Dangerous Liaisons —91—

THE VICOMTE DE VALMONT TO THE PRÉSIDENTE DE TOURVEL

IN CONSTERNATION AT YOUR letter, Madame, I am still ignorant as to how I can reply to it. Doubtless, if I needs must choose between your unhappiness and my own, it is for me to sacrifice myself, and I do not hesitate: but such important interests deserve, so it seems to me, to be, before all, investigated and discussed, and how can that be contrived, if we are to speak and see each other no more?

What! while the sweetest of sentiments unite us, shall an empty fear suffice to separate us, perhaps beyond return! In vain shall tender friendship and ardent love reclaim their rights: their voice shall not be heard: and why? What then is this pressing danger which besets you? Ah, believe me, such fears so lightly conceived are already, it seems to me, potent enough reasons for security.

Permit me to tell you that I find here traces of the unfavorable impressions that have been given you about me. One does not tremble before the man one esteems; one does not, above all, drive away him whom one has judged worthy of a certain friendship: it is the dangerous man whom one dreads and shuns.

Who, however, was ever more respectful and submissive than myself? Already, you may observe, I am circumspect in my language; I no longer permit myself those names so sweet, so dear to my heart, which it never ceases to give you in secret. It is no longer the faithful and unhappy lover, receiving the counsels and the consolations of a tender and sensitive friend; it is the accused before his judge, the slave before his master. Doubtless these new titles impose new duties; I pledge myself to fulfill them all. Listen to me, and, if you condemn me, I obey the verdict and I go. I promise more: do you prefer the tyranny which judges without a hearing? Do you feel you possess the courage to be unjust? Command, and I will still obey.

But this judgment, or this command, let me hear it from your own lips. And why, you will ask me in your turn. Ah, if you put this question, how little you know of love and of my heart! Is it nothing then to see you once again? Nay, when you shall have brought despair into my soul, perhaps one consoling glance will prevent me from succumbing to it. In short, if I must needs renounce the love, and the friendship, for which alone I exist, at least you shall see your work, and your pity will abide with me; even if I do not merit this slight favor, I am prepared, methinks, to pay dearly for the hope of obtaining it.
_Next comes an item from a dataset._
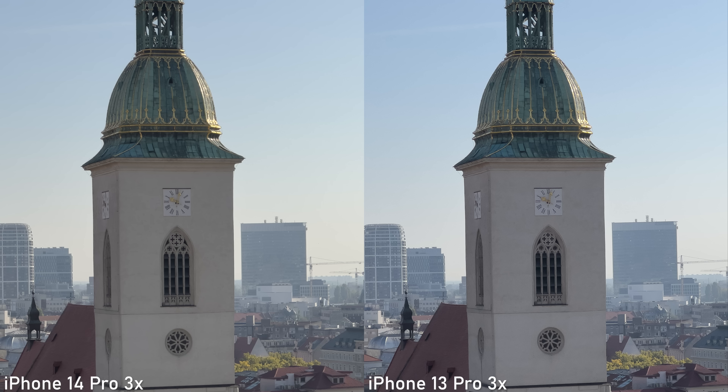In extreme situations, you will still get colors that are completely off, but these situations shouldn't be that common in real-world use. The HDR processing is in my opinion the biggest weakness of iPhone photography. It is a very complex topic but I don't think it is headed in the right direction. I will talk more about that in an upcoming comparison with a dedicated camera.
What! you are going to drive me from you! You consent, then, to our becoming strangers to one another! What am I saying? You desire it; and although you assure me that absence will not alter your sentiments, you do but urge my departure, in order to work more easily at their destruction. You speak already of replacing them by gratitude. Thus, the sentiment which an unknown would obtain from you for the most trivial service, or even your enemy for ceasing to injure you—this is what you offer to me! And you wish my heart to be satisfied with this! Interrogate your own; if your lover, if your friend came one day to talk to you of their gratitude, would you not say to them with indignation: Depart from me, you are in-grates?

I come to a stop, and beseech your indulgence. Pardon the expression of a grief to which you have given birth; it will not detract from my complete submission. But I conjure you, in my turn, in the name of those sweet sentiments which you yourself invoke, do not refuse to hear me; and in pity, at least, for the mortal distress in which you have plunged me, do not defer the moment long. Adieu, Madame.

AT THE CHTEAU DE … , Z7TH SEPTEMBER, 17–.